Moisés Mendes*, em seu blog
Descobriram só agora, com a confissão de Jair Bolsonaro, que o sujeito se livrou de servidores do Instituto do Patrimônio Histórico e Artístico Nacional (Iphan) porque cumpriam a lei e contrariavam interesses de Luciano Hang, o véio da Havan?
Claro que não. Sabiam há muito tempo. Mas sabiam – a imprensa, os políticos e colegas servidores dos demitidos – e deixaram tudo submerso, como se fosse apenas mais uma perseguição em meio a tantas caçadas da extrema direita a funcionários de órgãos públicos.
Sabiam porque, logo depois de demitida da presidência do IPHAN, em maio do ano passado, a historiadora Kátia Bogéa atribuiu publicamente sua exoneração à decisão de Bolsonaro de dar uma resposta às queixas do dono da Havan.
Bolsonaro só confirmou agora, e em voz alta, o que Kátia já havia dito. O empresário estava contrariado, em 2019, com a paralisação do projeto de construção da filial de Rio Grande, na região sul gaúcha, em terreno em que foram encontrados objetos de um sítio arqueológico.
O vídeo da famosa reunião ministerial de abril do ano passado, aquela da boiada de Ricardo Salles e das hemorroidas de Bolsonaro, já mostrava Bolsonaro se queixando da suspensão da obra do amigo por causa de um “cocô petrificado de índio”.

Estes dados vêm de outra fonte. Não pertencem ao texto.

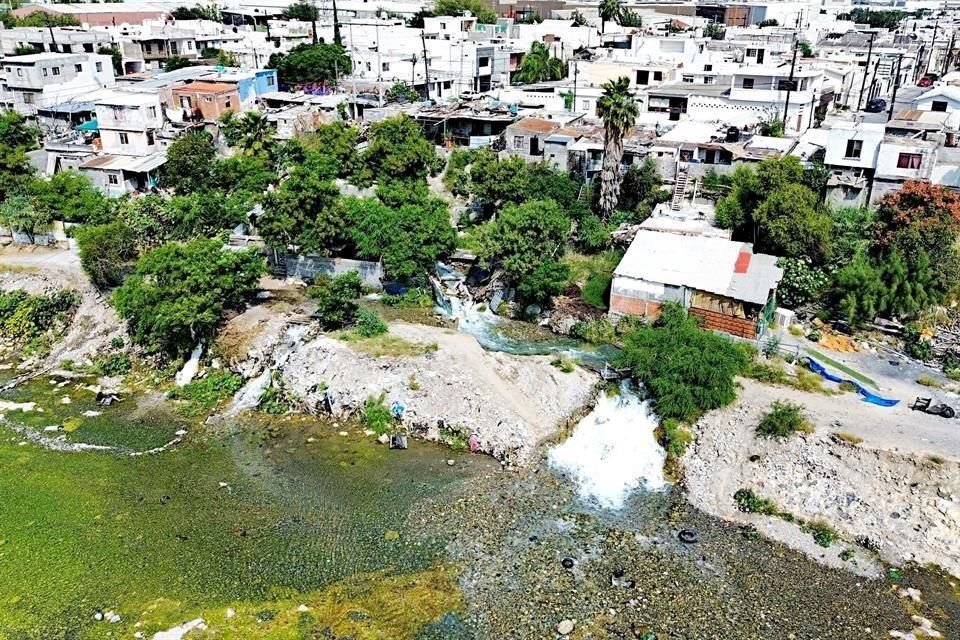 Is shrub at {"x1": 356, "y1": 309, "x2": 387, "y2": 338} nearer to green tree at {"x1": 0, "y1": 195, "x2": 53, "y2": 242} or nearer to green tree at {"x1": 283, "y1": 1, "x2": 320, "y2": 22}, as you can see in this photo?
green tree at {"x1": 0, "y1": 195, "x2": 53, "y2": 242}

Já haviam sido exonerados, a partir de outubro de 2019, por causa dom projeto embargado, o diretor de Patrimônio Material e Fiscalização do Instituto, o arquiteto e urbanista Andrey Rosenthal Schlee, e coordenadores de superintendências.
Em maio do ano passado, um mês depois da reunião da boiada, Bolsonaro derrubou Kátia Bogéa. O IPHAN estava sendo desmontado porque o véio da Havan ou um preposto levara a queixa a Bolsonaro.
Agora, na palestra a empresários na Fiesp, esta semana, Bolsonaro confessou, citando Hang, que depois das reclamações da empresa “ripou” os servidores inconvenientes dos seus cargos de chefia.
Foi a admissão pública do delito de perseguição para atender às demandas de um apoiador contrariado. Bolsonaro provocou risos e aplausos dos empresários presentes. E, por causa da confissão, estamos de novo diante da história da caçada no IPHAN.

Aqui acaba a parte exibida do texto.